This article previously appeared on Ballard Spahr’s CFPB Monitor and is re-published here with permission.
After the D.C. Circuit panel issued a per curiam order on February 2 denying the three motions to intervene that were filed in the PHH case, we expected the next development in the case to be a decision by the D.C. Circuit on the CFPB’s petition for rehearing en banc. Instead, the next development has been the filing of requests for the full court to reconsider the panel’s denial of the motions to intervene.

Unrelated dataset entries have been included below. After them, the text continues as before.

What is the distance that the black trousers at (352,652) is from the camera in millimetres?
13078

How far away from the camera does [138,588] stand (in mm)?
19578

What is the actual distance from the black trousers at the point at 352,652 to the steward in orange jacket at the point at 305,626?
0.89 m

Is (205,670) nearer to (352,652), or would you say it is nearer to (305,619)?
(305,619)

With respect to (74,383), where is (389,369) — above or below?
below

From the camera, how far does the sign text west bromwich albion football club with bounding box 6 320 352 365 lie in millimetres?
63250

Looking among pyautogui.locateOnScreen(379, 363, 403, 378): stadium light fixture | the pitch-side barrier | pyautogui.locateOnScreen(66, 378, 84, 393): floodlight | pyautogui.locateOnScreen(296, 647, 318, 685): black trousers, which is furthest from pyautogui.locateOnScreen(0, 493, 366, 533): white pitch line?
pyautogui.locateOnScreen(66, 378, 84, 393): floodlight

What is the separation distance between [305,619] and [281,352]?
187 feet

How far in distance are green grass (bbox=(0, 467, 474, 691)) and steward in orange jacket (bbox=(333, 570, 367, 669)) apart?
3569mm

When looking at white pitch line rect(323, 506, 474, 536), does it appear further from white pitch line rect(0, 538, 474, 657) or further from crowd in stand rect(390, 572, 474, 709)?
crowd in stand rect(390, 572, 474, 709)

This past Friday, a petition for rehearing en banc was filed by Democratic AGs from 16 states and the District of Columbia and motions for reconsideration en banc were filed by Senator Sherrod Brown and Representative Maxine Waters and by Americans for Financial Reform, Center for Responsible Lending, Leadership Conference on Civil and Human Rights, United States Public Interest Research Group, Maeve Brown (who chairs the CFPB’s Consumer Advisory Board), and Self-Help Credit Union.

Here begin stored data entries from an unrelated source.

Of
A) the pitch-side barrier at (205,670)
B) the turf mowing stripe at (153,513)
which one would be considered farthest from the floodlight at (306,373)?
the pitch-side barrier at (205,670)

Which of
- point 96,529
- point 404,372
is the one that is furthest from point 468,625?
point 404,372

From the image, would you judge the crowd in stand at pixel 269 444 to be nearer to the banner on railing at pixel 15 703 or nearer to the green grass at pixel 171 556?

The motions to intervene were based in substantial part on the argument that because the movants can no longer rely on the CFPB and/or the DOJ under the Trump Administration to adequately defend the CFPB’s constitutionality and have a legal interest in the CFPB remaining an independent agency, intervention is necessary to protect the movants’ legal interests, including by filing a petition for a writ of certiorari.
The public interest groups state in their motion for reconsideration en banc that they had assumed their motion to intervene “would be circulated to the entire Court alongside the [CFPB’s] petition for rehearing” because they had been instructed by the clerk’s office to file an original and 19 copies of their motion.” They attach their original motion to intervene and incorporate the arguments for intervention by reference in the new motion but add “one request.” Their request is that if the court deems their motion for reconsideration premature “because today the CFPB continues to defend itself…the motion be held in abeyance and ruled upon either at the conclusion of the appeal, or when it becomes apparent that the CFPB is changing its position (whichever comes first).” They also state that because the CFPB may depend on the DOJ to either file or respond to a petition for a writ of certiorari and the DOJ may have a different position on constitutionality than the CFPB, the court should grant their motion “at the conclusion of the case in any event to ensure that a party remains able to defend the constitutionality of the statute Congress enacted in the Supreme Court.”

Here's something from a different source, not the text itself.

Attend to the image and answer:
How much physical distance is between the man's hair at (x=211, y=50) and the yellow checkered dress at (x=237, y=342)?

The Democratic state AGs and lawmakers, instead of attaching their original motions to intervene, repeat their arguments for intervention in, respectively, their petition and motion for rehearing or reconsideration en banc. The lawmakers, like the consumer advocacy groups, ask the court, in the alternative to granting their motion, to “hold it in abeyance pending further developments in this case.”
Given the weakness of their arguments for intervention, we were not surprised that the movants’ original motions to intervene were quickly denied by the panel. We do find it surprising however that the movants are continuing to press these arguments in their new filings. Under the Federal Rules of Appellate procedure, no response can be filed to a petition for an en banc consideration unless the court orders a response.